Only the pictures are to be left out; the listing itself is repeated exactly.

» Collected data:

-- -- --

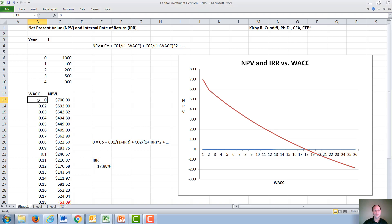At first, we merely use a WACC of zero, which means we add up all of these cash flows and get a total of $700.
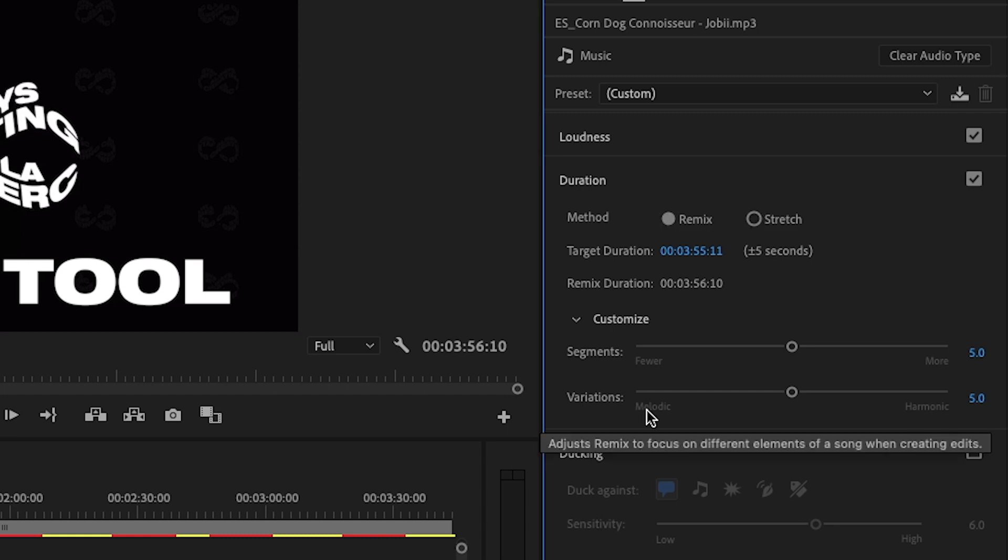When it comes to variations this will help remix or the AI to focus on certain types of sounds. Maybe you want to focus on the melodic sounds or the harmonic sounds. You can choose basically how the outcome sounds.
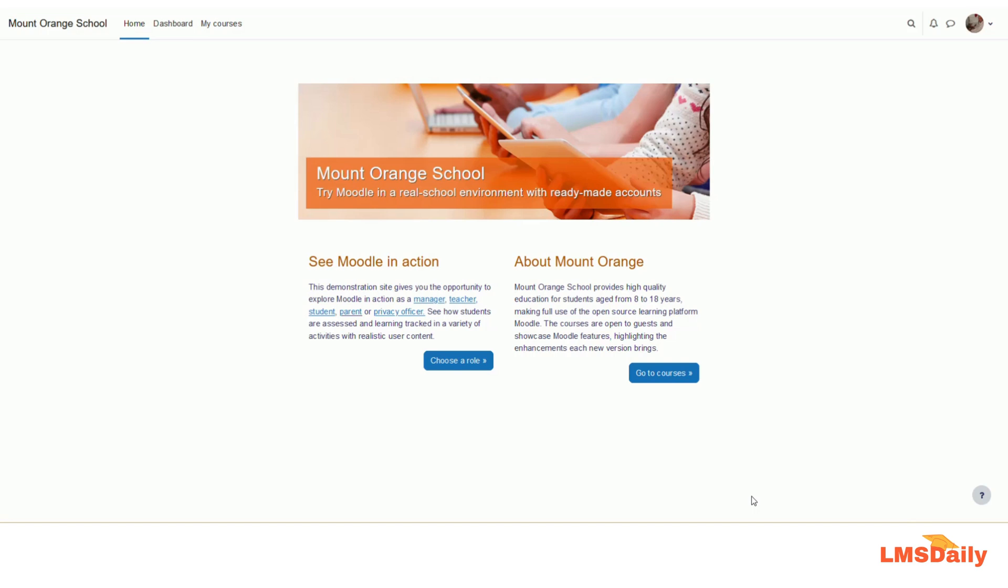Now the Moodle HQ team has decided to move with the TinyMCE editor, which is a rich text editor available for many other software pages. In Moodle 4.2 version, this will be made as the default text editor. In this video, I am going to show you how you can use the TinyMCE editor and what are the options available.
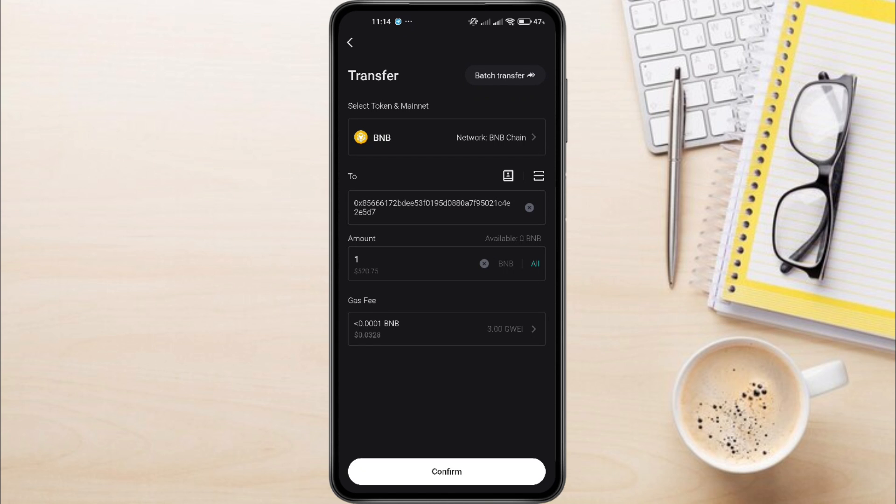And that's it! You've successfully transferred your crypto from BitGit wallet to BitGit Exchange. If you have any questions, feel free to leave them down in the comments below. I'll do my best to help.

-- -- --

» Exercise result:
At first, we merely use a WACC of zero, which means we add up all of these cash flows and get a total of $700.
When it comes to variations this will help remix or the AI to focus on certain types of sounds. Maybe you want to focus on the melodic sounds or the harmonic sounds. You can choose basically how the outcome sounds.
Now the Moodle HQ team has decided to move with the TinyMCE editor, which is a rich text editor available for many other software pages. In Moodle 4.2 version, this will be made as the default text editor. In this video, I am going to show you how you can use the TinyMCE editor and what are the options available.
And that's it! You've successfully transferred your crypto from BitGit wallet to BitGit Exchange. If you have any questions, feel free to leave them down in the comments below. I'll do my best to help.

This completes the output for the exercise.